To most war opponents, the blame increasingly lies with the Democratic leadership in Congress, for not taking a hard enough line with President Bush and not fighting to cut off war funding. And their frustration is visibly bubbling over — the provocative group Code Pink, for example, has actually taken to protesting outside House Speaker Nancy Pelosi’s home in San Francisco in recent days
But there is a growing feeling among many Democrats, particularly within the D.C. establishment, that just the opposite is true. They may not say it publicly, for fear of arousing the grass roots’ wrath, but the realist wing of the party seems to think the Democrats’ biggest problem on Iraq these days is not that there’s too much Bush Lite but that there’s too much Bush Left.

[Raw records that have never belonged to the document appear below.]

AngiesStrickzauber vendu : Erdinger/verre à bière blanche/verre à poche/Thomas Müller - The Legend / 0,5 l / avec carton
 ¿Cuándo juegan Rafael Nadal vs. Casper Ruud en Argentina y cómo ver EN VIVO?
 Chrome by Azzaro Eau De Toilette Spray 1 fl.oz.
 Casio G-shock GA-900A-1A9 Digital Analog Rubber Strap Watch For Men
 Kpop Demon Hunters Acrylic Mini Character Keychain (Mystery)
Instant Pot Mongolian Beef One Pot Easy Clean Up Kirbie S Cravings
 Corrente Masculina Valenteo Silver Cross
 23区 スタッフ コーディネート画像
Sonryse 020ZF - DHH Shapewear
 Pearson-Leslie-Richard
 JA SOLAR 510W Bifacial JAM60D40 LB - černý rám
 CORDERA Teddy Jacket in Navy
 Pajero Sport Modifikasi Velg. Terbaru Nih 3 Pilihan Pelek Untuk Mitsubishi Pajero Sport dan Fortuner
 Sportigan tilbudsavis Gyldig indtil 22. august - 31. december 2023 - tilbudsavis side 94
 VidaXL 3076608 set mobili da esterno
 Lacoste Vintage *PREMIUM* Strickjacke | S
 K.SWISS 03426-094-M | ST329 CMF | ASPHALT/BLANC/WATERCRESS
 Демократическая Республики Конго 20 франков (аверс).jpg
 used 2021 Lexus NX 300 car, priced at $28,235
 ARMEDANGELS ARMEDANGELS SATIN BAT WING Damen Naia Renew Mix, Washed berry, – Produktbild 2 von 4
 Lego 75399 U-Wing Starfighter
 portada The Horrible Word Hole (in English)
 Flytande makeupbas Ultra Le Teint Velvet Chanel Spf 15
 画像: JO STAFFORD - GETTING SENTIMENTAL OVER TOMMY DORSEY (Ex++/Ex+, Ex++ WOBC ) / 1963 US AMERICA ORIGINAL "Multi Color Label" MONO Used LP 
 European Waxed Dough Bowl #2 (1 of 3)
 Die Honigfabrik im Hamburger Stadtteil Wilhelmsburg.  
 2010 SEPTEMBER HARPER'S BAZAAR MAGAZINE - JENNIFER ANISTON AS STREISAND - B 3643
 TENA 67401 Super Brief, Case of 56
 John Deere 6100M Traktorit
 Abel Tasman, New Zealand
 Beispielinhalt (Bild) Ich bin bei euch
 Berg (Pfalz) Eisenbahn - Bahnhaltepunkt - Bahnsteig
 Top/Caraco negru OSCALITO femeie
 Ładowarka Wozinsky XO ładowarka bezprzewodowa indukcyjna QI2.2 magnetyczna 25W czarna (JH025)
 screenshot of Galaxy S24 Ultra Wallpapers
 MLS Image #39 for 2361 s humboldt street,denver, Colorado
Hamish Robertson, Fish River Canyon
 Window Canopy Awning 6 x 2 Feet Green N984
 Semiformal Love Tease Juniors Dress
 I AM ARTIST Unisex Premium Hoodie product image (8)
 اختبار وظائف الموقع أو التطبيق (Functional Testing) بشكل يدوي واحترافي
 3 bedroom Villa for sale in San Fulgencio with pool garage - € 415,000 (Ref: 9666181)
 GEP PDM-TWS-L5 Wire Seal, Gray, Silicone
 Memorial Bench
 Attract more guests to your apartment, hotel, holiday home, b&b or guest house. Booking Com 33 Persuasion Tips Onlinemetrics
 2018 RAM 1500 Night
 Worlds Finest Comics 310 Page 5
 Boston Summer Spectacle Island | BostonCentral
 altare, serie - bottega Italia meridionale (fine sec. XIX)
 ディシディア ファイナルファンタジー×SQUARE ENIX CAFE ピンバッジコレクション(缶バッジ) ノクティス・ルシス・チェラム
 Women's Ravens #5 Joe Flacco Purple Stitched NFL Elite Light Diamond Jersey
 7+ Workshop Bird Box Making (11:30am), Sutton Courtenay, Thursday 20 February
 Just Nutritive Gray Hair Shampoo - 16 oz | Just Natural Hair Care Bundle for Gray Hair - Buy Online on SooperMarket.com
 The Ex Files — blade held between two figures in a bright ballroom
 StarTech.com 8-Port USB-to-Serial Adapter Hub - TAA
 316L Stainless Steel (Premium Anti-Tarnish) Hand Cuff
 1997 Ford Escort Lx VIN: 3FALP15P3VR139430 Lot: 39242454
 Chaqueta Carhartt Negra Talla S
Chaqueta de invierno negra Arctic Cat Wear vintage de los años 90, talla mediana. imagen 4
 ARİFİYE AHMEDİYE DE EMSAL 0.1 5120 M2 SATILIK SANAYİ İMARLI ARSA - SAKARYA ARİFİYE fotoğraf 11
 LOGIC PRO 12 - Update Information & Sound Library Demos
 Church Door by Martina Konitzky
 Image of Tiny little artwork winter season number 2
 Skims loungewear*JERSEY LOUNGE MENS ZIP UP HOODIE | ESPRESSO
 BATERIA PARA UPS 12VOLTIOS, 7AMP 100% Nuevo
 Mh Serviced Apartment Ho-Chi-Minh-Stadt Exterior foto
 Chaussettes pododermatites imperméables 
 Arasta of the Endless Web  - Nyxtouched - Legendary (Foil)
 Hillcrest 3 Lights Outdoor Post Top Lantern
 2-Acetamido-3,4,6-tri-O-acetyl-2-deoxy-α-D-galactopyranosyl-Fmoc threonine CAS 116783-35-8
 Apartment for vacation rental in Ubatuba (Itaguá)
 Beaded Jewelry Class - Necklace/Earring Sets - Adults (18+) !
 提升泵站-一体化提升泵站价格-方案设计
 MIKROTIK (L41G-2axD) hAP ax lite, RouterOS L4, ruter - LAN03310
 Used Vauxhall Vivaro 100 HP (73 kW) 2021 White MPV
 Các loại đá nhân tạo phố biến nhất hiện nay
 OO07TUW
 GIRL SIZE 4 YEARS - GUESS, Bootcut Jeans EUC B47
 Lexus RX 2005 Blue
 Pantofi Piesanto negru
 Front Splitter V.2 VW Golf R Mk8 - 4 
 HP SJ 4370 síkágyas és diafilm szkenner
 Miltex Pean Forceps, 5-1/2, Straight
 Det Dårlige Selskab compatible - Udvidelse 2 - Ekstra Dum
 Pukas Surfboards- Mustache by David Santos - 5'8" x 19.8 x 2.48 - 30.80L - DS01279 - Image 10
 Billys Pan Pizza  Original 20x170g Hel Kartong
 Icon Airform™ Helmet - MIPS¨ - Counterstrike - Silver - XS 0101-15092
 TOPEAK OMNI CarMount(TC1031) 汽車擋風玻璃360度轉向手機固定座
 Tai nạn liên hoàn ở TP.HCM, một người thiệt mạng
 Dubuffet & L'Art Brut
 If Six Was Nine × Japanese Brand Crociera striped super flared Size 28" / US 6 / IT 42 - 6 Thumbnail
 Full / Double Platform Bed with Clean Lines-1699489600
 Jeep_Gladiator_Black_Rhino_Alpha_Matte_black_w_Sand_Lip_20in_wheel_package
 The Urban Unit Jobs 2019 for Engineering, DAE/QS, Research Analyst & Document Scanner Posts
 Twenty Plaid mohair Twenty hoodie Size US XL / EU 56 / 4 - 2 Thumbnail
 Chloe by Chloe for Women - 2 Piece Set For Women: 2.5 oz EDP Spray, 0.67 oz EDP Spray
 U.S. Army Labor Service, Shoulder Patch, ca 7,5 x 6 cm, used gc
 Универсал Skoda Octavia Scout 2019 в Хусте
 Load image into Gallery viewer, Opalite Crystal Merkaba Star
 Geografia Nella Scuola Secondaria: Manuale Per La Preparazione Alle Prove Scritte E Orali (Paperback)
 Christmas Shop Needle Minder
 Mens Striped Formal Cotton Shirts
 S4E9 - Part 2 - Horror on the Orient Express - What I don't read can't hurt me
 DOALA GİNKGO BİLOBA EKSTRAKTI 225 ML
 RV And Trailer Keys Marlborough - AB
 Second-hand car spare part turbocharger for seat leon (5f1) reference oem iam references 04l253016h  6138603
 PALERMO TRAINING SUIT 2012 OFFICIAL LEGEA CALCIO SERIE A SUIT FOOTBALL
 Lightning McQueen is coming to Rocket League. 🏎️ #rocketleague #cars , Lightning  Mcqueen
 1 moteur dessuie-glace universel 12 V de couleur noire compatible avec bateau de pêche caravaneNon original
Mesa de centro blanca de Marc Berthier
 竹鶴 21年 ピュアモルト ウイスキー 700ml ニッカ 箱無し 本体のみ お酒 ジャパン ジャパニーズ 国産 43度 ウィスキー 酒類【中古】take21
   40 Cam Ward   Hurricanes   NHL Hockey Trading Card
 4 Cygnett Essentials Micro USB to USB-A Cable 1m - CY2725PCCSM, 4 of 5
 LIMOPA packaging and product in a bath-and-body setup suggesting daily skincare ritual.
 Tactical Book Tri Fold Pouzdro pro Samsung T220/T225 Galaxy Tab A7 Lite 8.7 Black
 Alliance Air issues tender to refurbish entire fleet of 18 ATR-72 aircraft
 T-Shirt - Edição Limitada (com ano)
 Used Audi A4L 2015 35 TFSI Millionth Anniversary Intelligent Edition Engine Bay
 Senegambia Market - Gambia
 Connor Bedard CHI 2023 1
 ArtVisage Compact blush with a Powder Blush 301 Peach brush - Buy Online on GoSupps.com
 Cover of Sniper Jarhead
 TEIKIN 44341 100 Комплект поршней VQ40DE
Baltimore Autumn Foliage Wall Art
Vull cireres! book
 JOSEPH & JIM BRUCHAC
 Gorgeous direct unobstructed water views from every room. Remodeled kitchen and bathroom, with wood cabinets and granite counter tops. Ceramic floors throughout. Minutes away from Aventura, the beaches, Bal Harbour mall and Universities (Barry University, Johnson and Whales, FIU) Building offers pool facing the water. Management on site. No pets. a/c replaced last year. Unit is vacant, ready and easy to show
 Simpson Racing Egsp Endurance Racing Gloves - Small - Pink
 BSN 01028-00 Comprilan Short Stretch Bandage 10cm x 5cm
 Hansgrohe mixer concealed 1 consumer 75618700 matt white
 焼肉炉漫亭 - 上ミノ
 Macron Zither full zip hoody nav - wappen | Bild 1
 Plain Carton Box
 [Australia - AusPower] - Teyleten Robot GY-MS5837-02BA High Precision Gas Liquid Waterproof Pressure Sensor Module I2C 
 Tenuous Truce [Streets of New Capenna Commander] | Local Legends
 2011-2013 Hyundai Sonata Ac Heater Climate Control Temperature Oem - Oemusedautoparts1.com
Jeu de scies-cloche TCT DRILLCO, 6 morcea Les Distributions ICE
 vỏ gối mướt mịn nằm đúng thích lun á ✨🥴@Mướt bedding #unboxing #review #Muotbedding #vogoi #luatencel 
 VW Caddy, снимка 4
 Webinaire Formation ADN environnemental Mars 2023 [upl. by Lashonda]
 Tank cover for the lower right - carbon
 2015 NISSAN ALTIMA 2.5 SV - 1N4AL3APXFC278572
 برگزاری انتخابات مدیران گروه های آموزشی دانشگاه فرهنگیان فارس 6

Under this view, too many anti-war activists, not satisfied with berating the president, have too often wound up behaving like him. They have gone beyond fighting back and holding the Decider accountable to adopting the same divisive, dogmatic and ultimately destructive style of politics that Democrats have been decrying for the past seven years, with the same counterproductive results.
Another good graph:
The very same activists who angrily denounced the Rove machine for broadly questioning the patriotism of war critics, and in particular for smearing disabled war hero Max Cleland in the 2002 Georgia Senate race, turned around and attacked a decorated general commanding troops in a shooting war as a liar and a traitor in one of the most visible ways possible.
Read the whole thing.
I think it would be very helpful for our friends from MoveOn. I just don't have a lot of confidence that they will be able to look at the problem dispassionately, and a s a result, will continue their path towards the final destruction of the Democratic Party.